Incorporating indel channels into average-case analysis of seed-chain-extend
Carnegie Mellon University, Pittsburgh, PA, USA
The 30-Second View
IN SHORT: This paper addresses the core pain point of bridging the theoretical gap for the widely used seed-chain-extend heuristic by providing the first rigorous average-case analysis that accounts for insertions and deletions (indels), not just substitutions.
Innovation (TL;DR)
- Methodology Introduces a generalized definition of 'recoverability' and a 'homologous path' to mathematically model the correct alignment under indel mutation channels, moving beyond the simpler 'homologous diagonal' used for substitutions only.
- Theory Develops new mathematical machinery to handle the dependence structure of neighboring anchors and the existence of 'clipping anchors' (partially correct anchors), which are unique challenges introduced by indels.
- Theory Proves that under a total mutation rate θ_T < 0.159, optimal linear-gap cost chaining achieves an expected recoverability of ≥ 1 - O(1/√m), generalizing the prior substitution-only result to a biologically realistic model.
Key conclusions
- The expected recoverability of an optimal chain under linear-gap cost chaining is ≥ 1 - O(1/√m) when the total mutation rate θ_T (sum of substitution, insertion, deletion rates) is less than 0.159.
- The expected runtime of the algorithm is O(m n^(3.15·θ_T) log n). For example, at a θ_T of 0.05 (similar to human-chimp divergence), the exponent is ~1.12, leading to near-linear scaling.

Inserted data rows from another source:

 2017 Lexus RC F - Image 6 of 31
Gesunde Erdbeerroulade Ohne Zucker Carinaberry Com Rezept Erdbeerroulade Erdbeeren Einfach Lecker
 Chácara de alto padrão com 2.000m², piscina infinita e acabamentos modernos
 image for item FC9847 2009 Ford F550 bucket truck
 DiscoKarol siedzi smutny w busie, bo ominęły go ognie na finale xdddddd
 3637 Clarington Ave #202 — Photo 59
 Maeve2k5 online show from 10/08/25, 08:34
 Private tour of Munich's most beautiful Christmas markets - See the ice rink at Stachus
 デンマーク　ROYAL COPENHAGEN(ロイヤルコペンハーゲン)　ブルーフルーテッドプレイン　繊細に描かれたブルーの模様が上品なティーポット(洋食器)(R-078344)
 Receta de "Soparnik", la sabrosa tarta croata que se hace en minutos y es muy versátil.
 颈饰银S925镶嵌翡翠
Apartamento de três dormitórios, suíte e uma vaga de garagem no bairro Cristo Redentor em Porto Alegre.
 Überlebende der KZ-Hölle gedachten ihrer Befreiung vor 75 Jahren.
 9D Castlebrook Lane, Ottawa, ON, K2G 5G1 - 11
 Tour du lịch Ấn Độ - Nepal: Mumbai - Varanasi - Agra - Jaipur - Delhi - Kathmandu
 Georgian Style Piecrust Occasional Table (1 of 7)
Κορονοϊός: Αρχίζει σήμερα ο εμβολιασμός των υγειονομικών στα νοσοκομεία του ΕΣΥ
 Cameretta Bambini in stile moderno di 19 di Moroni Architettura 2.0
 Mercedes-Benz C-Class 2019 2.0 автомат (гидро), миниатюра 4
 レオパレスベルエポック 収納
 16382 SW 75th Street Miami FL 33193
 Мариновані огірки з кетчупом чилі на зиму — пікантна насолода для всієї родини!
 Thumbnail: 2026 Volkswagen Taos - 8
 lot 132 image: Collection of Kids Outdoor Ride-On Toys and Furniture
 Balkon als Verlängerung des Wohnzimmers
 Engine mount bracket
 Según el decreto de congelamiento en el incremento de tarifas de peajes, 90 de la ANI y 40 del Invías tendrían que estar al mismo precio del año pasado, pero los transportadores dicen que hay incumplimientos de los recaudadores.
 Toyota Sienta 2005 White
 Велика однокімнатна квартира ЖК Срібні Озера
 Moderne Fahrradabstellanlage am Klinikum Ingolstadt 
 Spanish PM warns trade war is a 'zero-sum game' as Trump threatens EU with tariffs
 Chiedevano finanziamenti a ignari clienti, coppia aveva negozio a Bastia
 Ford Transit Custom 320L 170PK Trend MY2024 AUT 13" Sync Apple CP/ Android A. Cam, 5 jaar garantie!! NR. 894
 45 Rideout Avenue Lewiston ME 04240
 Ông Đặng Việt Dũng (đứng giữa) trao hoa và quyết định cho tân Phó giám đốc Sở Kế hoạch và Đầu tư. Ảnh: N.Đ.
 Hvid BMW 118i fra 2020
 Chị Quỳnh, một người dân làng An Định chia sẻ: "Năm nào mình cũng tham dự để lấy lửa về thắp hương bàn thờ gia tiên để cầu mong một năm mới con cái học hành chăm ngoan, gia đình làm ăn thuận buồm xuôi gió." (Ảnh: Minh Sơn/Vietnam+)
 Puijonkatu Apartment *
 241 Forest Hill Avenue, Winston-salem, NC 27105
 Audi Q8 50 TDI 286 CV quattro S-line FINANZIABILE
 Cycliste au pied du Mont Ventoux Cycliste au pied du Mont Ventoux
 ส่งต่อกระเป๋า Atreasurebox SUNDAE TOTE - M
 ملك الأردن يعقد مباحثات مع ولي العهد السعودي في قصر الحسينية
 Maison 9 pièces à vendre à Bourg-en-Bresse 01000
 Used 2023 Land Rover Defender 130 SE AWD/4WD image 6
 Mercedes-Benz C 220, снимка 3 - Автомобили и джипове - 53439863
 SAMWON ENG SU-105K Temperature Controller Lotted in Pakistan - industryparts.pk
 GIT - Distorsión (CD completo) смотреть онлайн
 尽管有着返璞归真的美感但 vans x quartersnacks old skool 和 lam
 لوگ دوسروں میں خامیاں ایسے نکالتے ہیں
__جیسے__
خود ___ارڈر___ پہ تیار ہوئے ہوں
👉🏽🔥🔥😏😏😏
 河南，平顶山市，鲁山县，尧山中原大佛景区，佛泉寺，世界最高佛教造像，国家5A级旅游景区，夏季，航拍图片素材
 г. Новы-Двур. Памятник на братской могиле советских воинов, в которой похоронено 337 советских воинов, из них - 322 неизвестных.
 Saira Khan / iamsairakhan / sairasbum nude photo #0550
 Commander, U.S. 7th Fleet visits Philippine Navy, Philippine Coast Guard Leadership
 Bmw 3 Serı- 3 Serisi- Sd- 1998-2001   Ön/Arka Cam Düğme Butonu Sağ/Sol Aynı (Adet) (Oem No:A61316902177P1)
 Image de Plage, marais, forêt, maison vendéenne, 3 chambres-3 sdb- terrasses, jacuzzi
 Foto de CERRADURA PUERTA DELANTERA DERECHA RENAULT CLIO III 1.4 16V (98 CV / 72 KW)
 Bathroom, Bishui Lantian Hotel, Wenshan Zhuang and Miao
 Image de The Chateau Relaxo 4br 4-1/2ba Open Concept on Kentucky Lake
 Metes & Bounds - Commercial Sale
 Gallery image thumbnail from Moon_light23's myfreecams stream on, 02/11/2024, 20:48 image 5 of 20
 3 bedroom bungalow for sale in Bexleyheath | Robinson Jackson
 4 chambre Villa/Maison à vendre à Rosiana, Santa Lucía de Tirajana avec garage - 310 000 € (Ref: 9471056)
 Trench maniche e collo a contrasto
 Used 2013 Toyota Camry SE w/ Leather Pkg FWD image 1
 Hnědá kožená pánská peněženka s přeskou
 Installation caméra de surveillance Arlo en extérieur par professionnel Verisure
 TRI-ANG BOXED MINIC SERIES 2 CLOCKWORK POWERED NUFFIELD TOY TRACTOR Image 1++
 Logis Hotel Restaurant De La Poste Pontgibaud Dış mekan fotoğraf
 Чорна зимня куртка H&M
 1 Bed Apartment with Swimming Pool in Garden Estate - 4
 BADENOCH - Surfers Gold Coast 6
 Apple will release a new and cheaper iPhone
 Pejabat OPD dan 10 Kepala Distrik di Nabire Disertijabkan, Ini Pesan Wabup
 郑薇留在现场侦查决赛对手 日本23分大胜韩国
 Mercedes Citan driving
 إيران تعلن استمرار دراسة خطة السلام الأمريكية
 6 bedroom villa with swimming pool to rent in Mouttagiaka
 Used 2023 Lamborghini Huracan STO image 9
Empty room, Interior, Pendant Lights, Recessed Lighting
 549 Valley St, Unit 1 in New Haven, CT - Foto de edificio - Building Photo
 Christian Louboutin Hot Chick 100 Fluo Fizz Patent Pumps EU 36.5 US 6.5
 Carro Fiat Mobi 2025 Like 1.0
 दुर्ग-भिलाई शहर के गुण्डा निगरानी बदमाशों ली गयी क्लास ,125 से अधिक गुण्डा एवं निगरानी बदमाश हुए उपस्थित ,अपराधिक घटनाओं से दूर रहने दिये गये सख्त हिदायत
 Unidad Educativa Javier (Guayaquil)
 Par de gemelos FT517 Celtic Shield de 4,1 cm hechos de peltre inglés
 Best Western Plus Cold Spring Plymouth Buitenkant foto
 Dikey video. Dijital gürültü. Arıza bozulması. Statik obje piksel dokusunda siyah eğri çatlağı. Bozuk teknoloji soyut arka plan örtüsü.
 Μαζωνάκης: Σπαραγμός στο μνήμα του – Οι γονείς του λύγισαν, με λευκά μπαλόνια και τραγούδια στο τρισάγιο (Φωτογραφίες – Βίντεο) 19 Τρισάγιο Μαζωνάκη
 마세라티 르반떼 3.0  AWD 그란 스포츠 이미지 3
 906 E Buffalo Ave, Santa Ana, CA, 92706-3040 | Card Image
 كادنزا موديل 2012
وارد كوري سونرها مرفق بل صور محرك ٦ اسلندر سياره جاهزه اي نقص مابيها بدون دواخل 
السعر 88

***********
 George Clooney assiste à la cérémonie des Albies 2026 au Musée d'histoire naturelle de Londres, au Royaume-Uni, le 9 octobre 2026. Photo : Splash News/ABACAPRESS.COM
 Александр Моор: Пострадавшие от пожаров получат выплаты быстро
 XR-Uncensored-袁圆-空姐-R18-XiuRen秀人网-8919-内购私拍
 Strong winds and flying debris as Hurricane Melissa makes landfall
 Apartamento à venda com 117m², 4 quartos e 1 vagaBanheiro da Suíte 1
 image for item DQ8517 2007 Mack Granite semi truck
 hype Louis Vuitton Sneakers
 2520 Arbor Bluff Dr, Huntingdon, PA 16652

- The analysis successfully bridges theory and practice by extending the proof framework to handle indels, justifying the heuristic's empirical effectiveness on real genomic data which contains indels.
Abstract: Given a sequence s1 of n letters drawn i.i.d. from an alphabet of size σ and a mutated substring s2 of length m<n, we often want to recover the mutation history that generated s2 from s1. Modern sequence aligners are widely used for this task, and many employ the seed-chain-extend heuristic with k-mer seeds. Previously, Shaw and Yu showed that optimal linear-gap cost chaining can produce a chain with 1−O(1/m) recoverability, the proportion of the mutation history that is recovered, in O(mn^(2.43θ) log n) expected time, where θ<0.206 is the mutation rate under a substitution-only channel and s1 is assumed to be uniformly random. However, a gap remains between theory and practice, since real genomic data includes insertions and deletions (indels), and yet seed-chain-extend remains effective. In this paper, we generalize those prior results by introducing mathematical machinery to deal with the two new obstacles introduced by indel channels: the dependence of neighboring anchors and the presence of anchors that are only partially correct. We are thus able to prove that the expected recoverability of an optimal chain is ≥1−O(1/√m) and the expected runtime is O(mn^(3.15·θ_T) log n), when the total mutation rate given by the sum of the substitution, insertion, and deletion mutation rates (θ_T = θ_i + θ_d + θ_s) is less than 0.159.